To help speed up the battle, you can hit the opposition with god powers once you’ve learnt them: lightening, earthquakes (more about those later), meteor showers and volcanoes. Each cost mana and the more destructive the ability, the more of this resource you’ll have to spend in order to cast it. Volcanoes are the deadliest power and there’s a perverse satisfaction to be had in seeing balls of lava hit surrounding buildings; but they’re a little overpowered and render the rest of your abilities somewhat pointless. Stick one of them just inside enemy territory and watch it instantly shrink.

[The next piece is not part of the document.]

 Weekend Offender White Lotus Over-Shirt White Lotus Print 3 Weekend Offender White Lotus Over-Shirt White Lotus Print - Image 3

It’s strange that the opposing god doesn’t place more volcanoes inside your own land in retaliation. I think I was on the receiving end of a couple of meteor showers whilst on one island but I don’t recall being hit with exploding lava at all. And on top of that, to come back from an attack all you need to do is re-flatten the ground so it can be built upon again – so there isn’t much of a consequence when you’re dealt a blow. The lack of a ruthless opponent means that there isn’t enough of a challenge and experienced players will find themselves breezing through all levels within a matter of hours.
Each island can be beaten with a simple method: flatten the land around your fledgling village to enable it to grow. Assign jobs to your Furlings until you’ve maxed out every occupation except Soldiers. Place your totem inside your village to defend it. Hit the enemy with your powers, particularly volcanoes, and while you’re waiting for your mana to regenerate in preparation for your next attack, add a few more Furlings to your army and replace any others you’ve lost. Move your totem inside the opposing village to lead the attack. Decrease the size of your enemy’s territory, being sure to insert phrases of the ‘have some of that’ type at random intervals as their buildings go up in flames. Rinse and repeat until your tribe attacks their Origin Stone and you win the level.

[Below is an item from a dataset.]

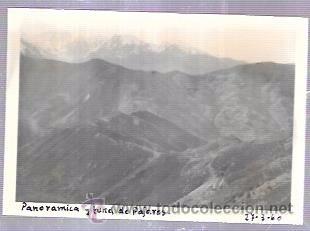 Fotografia antica: FOTOGRAFIA ANTIGUA. PANORAMICA Y TUNEL DE PAJARES. 7,4 X 10 CM.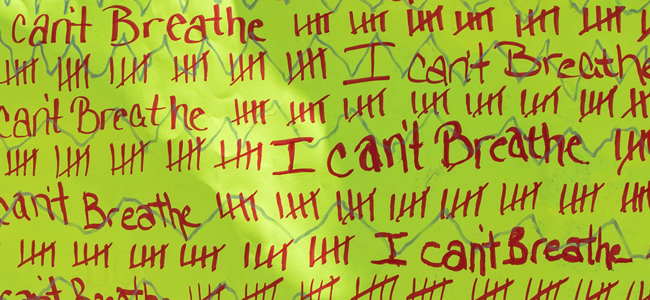I can't breath poster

You’ll be spending a lot of time waiting for your mana to regenerate so you can cast another power once you’ve maxed out all your Furlings.
There simply isn’t enough to do within Idol Hands, and as there’s no ability to speed up time players will find themselves sitting for periods with nothing to focus on. You’ll be spending a lot of time waiting for your mana to regenerate so you can cast another power once you’ve maxed out all your Furlings.
Everything I’ve written here sounds negative but as I said above: these points aren’t necessarily negatives or factors which would cause me to straight away say that you shouldn’t purchase this title. If you’re an experienced gamer, a fan of the god game genre or someone looking for a challenge, you’re probably better off sticking with classics such as Populous or Civilization; but if you just want something that’s easy to play, consider yourself a ‘casual’ gamer or want something you can enjoy with your kids, then perhaps Idol Hands is for you. With its very gentle learning curve and pick-up-and-play attitude, it’s just right for those moments when you want a non-taxing video game.
Visuals and audio
The graphics aren’t too bad, if a little dated, and the Furlings look like creatures taken straight of Lemmings with helmets stuck on their heads. The islands you build your villages on contain some nice mountains and sandy beaches, with forests and ancient ruins; it’s just a shame that you’ll end up flattening most of it to make room for your growing village. It would have been good to see some variation in the lands the levels are set on, for example a dessert or icy area perhaps.
What really lets the visuals down are the animations, particularly that for the earthquake.
What really lets the visuals down are the animations, particularly that for the earthquake. You click on the button to select the power; the screen blacks out; the animation loads and you around your targeted location while the animation jerks about wildly; the screen blacks out again before the level reloads, the building that were once standing having now disappeared. Sorry Pocket Games but it’s just a little sloppy. Take a look at the gameplay video I made below if you’d like to see for yourself.
Another negative in terms of visuals are the camera and map controls. It was only at the end of the game that I realised you could zoom in after accidently knocking the wheel on my mouse, having not been told this in the beginning tutorial – this would have made gameplay a little easier to navigate at times. You can click on the map in the top right-hand corner of the screen to quickly move to other parts of the island but this doesn’t always work and you may be transported to a location other than the one you were intending; in addition, the tutorial advised that the title was paused during this screen but I could clearly see my enemy building more farms. Ultimately Idol Hands feels like an adaptation of a mobile game, and not a particularly good adaptation at that.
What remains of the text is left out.